How tokens are generated is critical, said Koch Blank, to avoid greenwashing.
“We don’t want attributes being swapped around without any change in the industry. We want a system that supports and incentivises actual investment in decarbonisation,” Koch Blank said, with the pilot being developed to avoid loopholes like the double use of tokens.
The system will be agnostic towards alternative fuel types but only allow swaps between alternative and conventional fuels or among alternative fuels to drive decarbonisation.
Using grams CO2eq/MJ has shortcomings, but offers advantages of being comparable across vessel segments, sizes and fuel types as it is based on the energy consumed.
The Book & Claim system will allow participants to disclose cargo quantity in several unit types, to accommodate containers for example, but as it matures may look to convert all cargo units to tonnes.
Koch Blank said the aviation scheme has been developed over three years but could still be described as being in pilot mode. However, he is confident a working platform for shipping can be set up within a year piggybacking on that experience.
The pilot will involve all shipping sectors with a balanced profile of vessel owners and operators, cargo owners and freight forwarders, Jacobsen said. Ideally, it will involve more than one stakeholder from every sphere so it can be unbiased and gain wide knowledge.
“We expect there will be a wide range of tokens with different emission intensity profiles across and within different segments,” the partners said in a detailed booklet on how the system will work.
“Any decision to limit trading by segments or token type will impact the system. Too much segmentation could lead to a system that doesn’t link supply and demand, but too little segmentation could drive the wrong behaviour.”
They have consulted other organisations looking at similar schemes to ensure that they are working to the same principles but believe their pilot system is distinct from other efforts due to its wide range across the shipping industry.
Longer term, the partners recognise that the IMO, EU and other regulatory bodies will need to develop regulations, standards and guidelines for alternative fuels and how market-based mechanisms, such as the Book & Claim system, can be used to account for compliance purposes.
A 67-page booklet outlining the Maritime Book & Claim system developed by the Maersk Mc-Kinney Moller Center for Zero Carbon Shipping, RMI (the former Rocky Mountain Institute), Danish Shipping and Maersk Oil Trading sets out in detail how emissions will be exchanged via a swap.
“When trading a token, a participant must accept the same number of tokens in return. This means that, to claim a certain emission level, a participant must find a counterparty willing to accept their emissions.
“Swapping keeps total emissions within a system constant and removes the risk of leakage. Participants can only swap for the GHG emissions they are directly (Scope 1) or indirectly (Scope 3) responsible for energy consumption. Thereby, every tonne of GHG emissions from participants within the system is traceable and remains on someone’s account.

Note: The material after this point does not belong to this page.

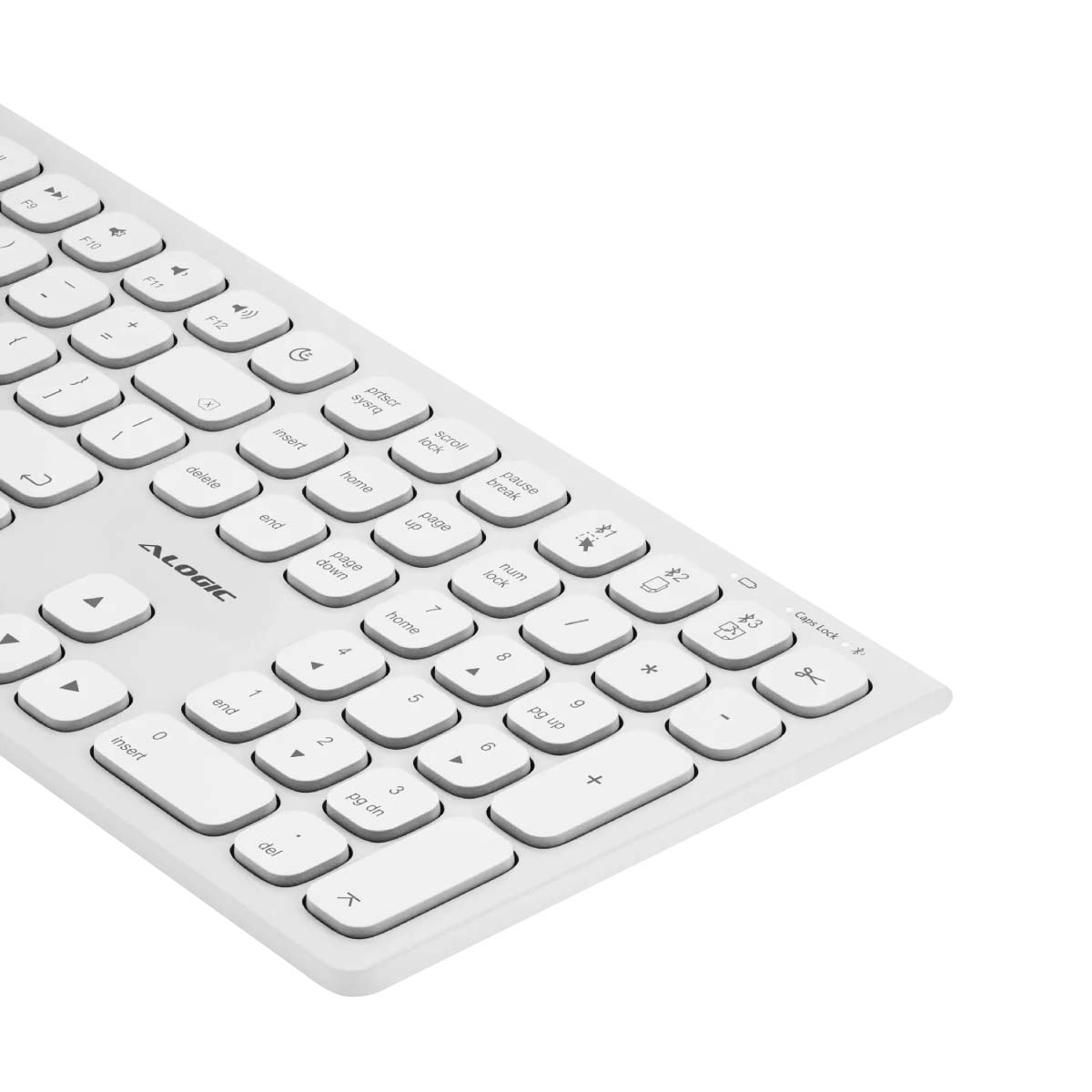 Una tastiera bianca per computer angolata verso destra. I tasti includono numeri, tasti funzione e simboli speciali. Il marchio 'ALOGIC' è visibile.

“Since all GHG emission profiles that can be exchanged within the system ultimately rest on real action, i.e., fuel choices, vessel technology, and the efficient use of fuels, participants cannot achieve a GHG emission profile that is not based on ‘reality’. This will prevent participants artificially increasing their GHG emission profiles without limitation by taking other participants’ emissions in return for payment.”